Le film y a cumulé 17 millions de dollars en dix jours
d'exploitation, mais il a cependant fini deuxième lors de son premier
week-end avec un tout petit plus de 10 millions de dollars de recettes,
le plaçant ainsi juste derrière un Flight Plan (avec Jodie Foster) en deuxième semaine (15 millions au compteur ce week-end là). Compte tenu du fait que Serenity
s'adresse à une niche relativement étroite (les hommes de 30 ans
essentiellement) et du nombre de salles de cinéma le présentant (un peu
moins de 2200, comparé aux 3500 dévolus à un vrai blockbuster), la
moyenne atteinte est honorable.
Ces
résultats modestes ne sont pas forcément très négatifs vu les attentes
des producteurs, mais disserter sur les possibilités d'une suite relève
de la spéculation pure. En effet, si les critiques sont dans l'ensemble
plutôt bonnes, le film va avoir besoin d'un sérieux bouche-à-oreille et
de très bonnes ventes DVD ensuite pour s'assurer un quelconque avenir.
En conclusion, Serenity, l'ultime rébellion, une réussite ?
Oui, sans l'ombre d'un doute.
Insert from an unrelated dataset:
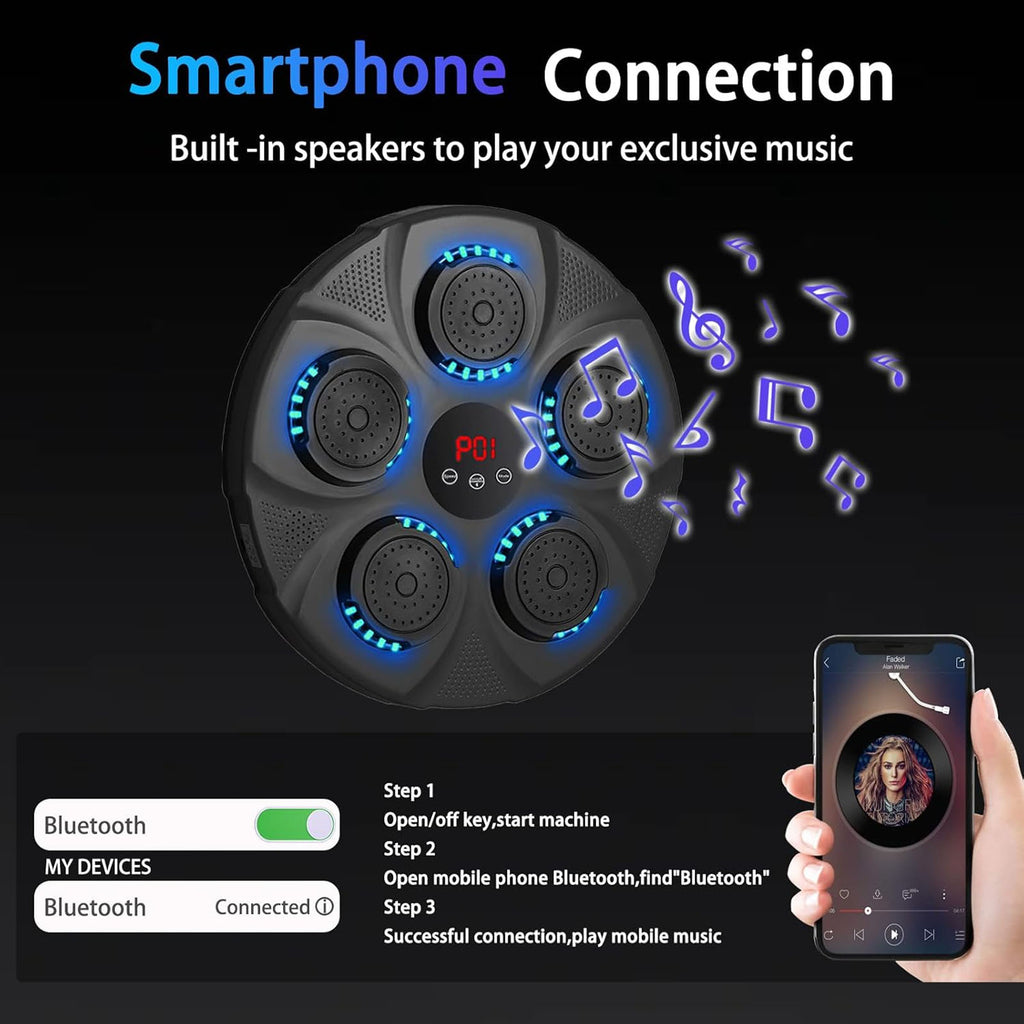 Smart Music Boxing Trainer - Wall-Mounted Bluetooth Punching Machine with Gloves & LED for Home Gym Workouts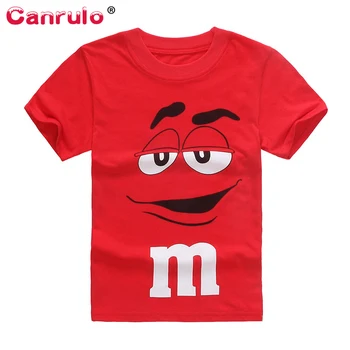 

2020 Kids Boys Cartoon Chocolate Little Men Letter M Cotton T-Shirt Summer Short Sleeve Tee Shirt Children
Même si le film ne révolutionnera pas le
space opera, il est un des plus dignes représentant du genre ayant
atterri sur nos écrans ces dernières années, tout en restant une
adaptation parfaitement réussie de la série dont il est tiré.
PS : Dans une note tout à fait personnelle, un détail échappe toujours à la compréhension de l'auteur de ces lignes. Pourquoi diable l'expression « Les Reavers » a-t-elle été traduite par « Les Termites » ? Un détail déjà présent sur le doublage canadien du coffret DVD zone 1 que l'on retrouve dans le film.